*** Collected data Section Begins ***

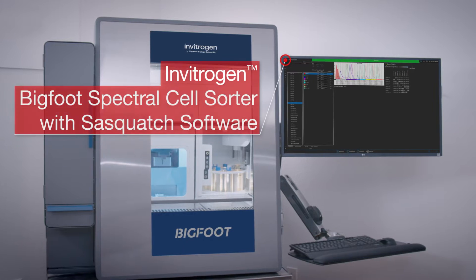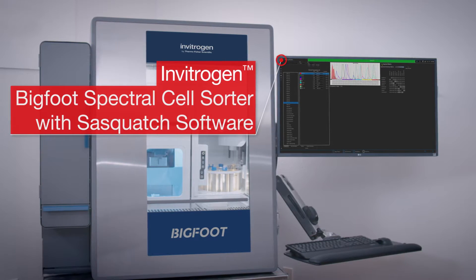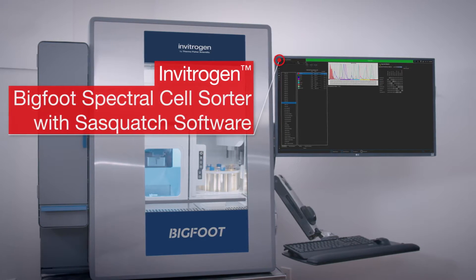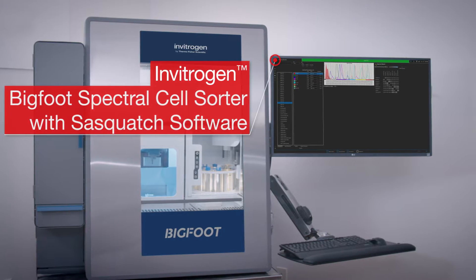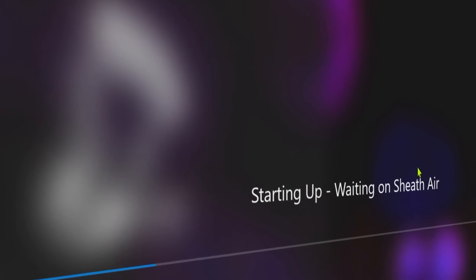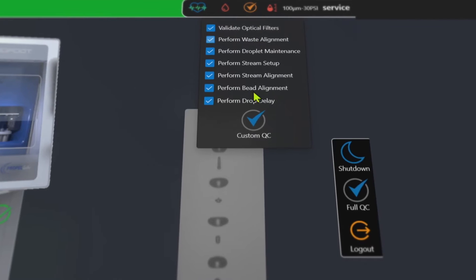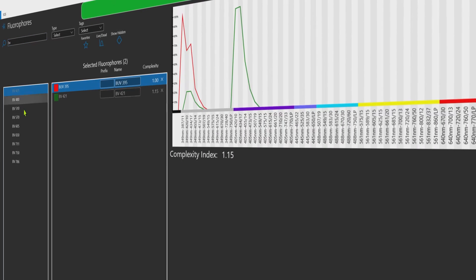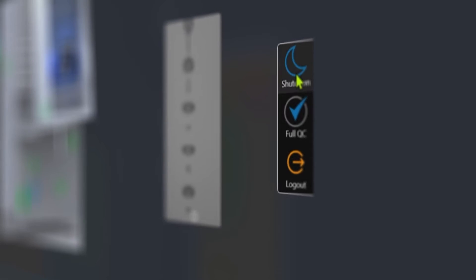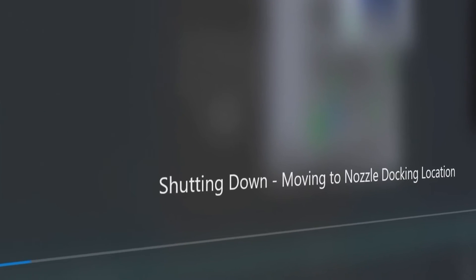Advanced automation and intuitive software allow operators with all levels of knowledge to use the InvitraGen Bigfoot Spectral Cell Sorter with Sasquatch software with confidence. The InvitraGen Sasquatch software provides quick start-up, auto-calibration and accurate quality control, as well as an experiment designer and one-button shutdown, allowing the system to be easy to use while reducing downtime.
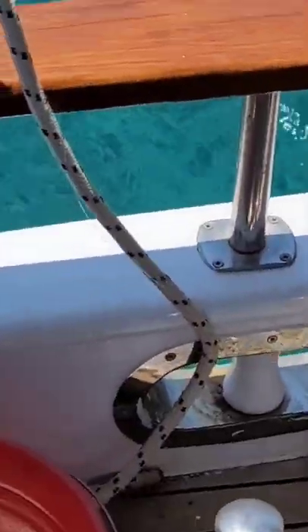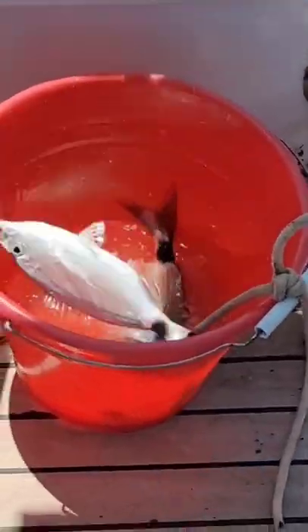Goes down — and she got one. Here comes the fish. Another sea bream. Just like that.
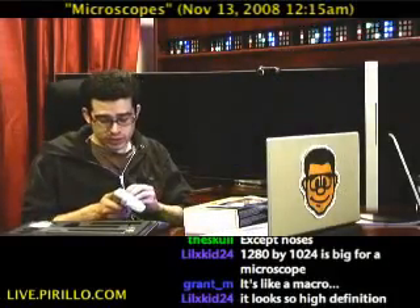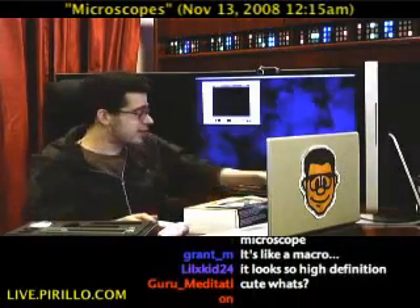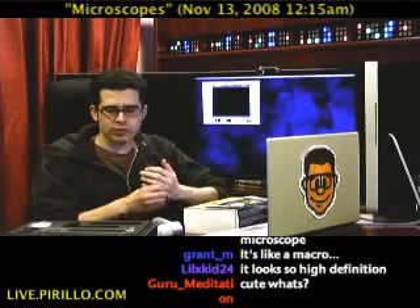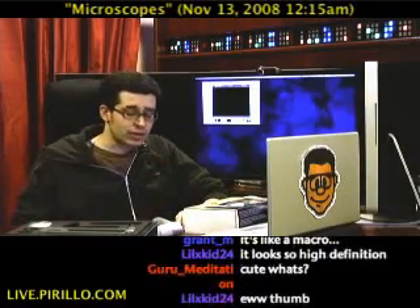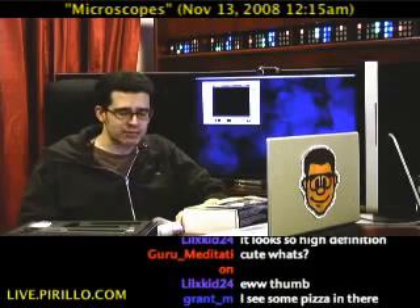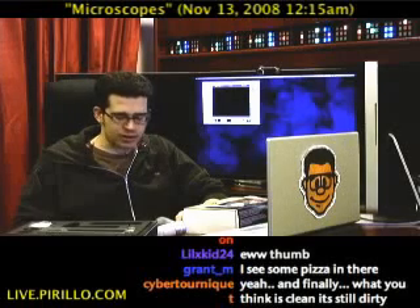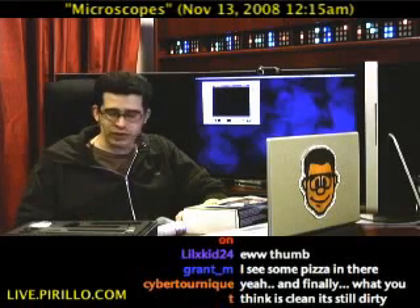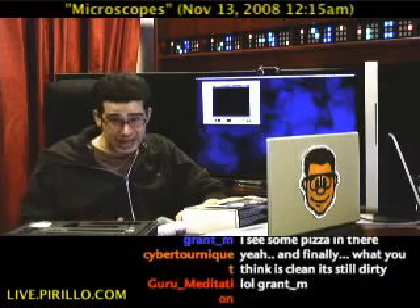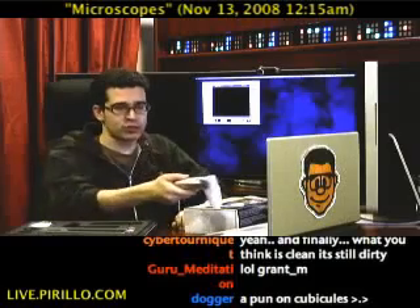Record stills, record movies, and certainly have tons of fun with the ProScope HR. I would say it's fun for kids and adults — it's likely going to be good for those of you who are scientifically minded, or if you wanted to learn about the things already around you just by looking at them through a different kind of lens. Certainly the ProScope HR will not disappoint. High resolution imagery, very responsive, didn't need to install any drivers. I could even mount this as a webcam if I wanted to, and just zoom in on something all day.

*** Collected data Section Ends ***

Where the line containing "Goes down —" appears, begin writing out the lines word for word, and continue through the last line of the data, leaving out pictures.

__Output of the task__
Goes down — and she got one. Here comes the fish. Another sea bream. Just like that.
Record stills, record movies, and certainly have tons of fun with the ProScope HR. I would say it's fun for kids and adults — it's likely going to be good for those of you who are scientifically minded, or if you wanted to learn about the things already around you just by looking at them through a different kind of lens. Certainly the ProScope HR will not disappoint. High resolution imagery, very responsive, didn't need to install any drivers. I could even mount this as a webcam if I wanted to, and just zoom in on something all day.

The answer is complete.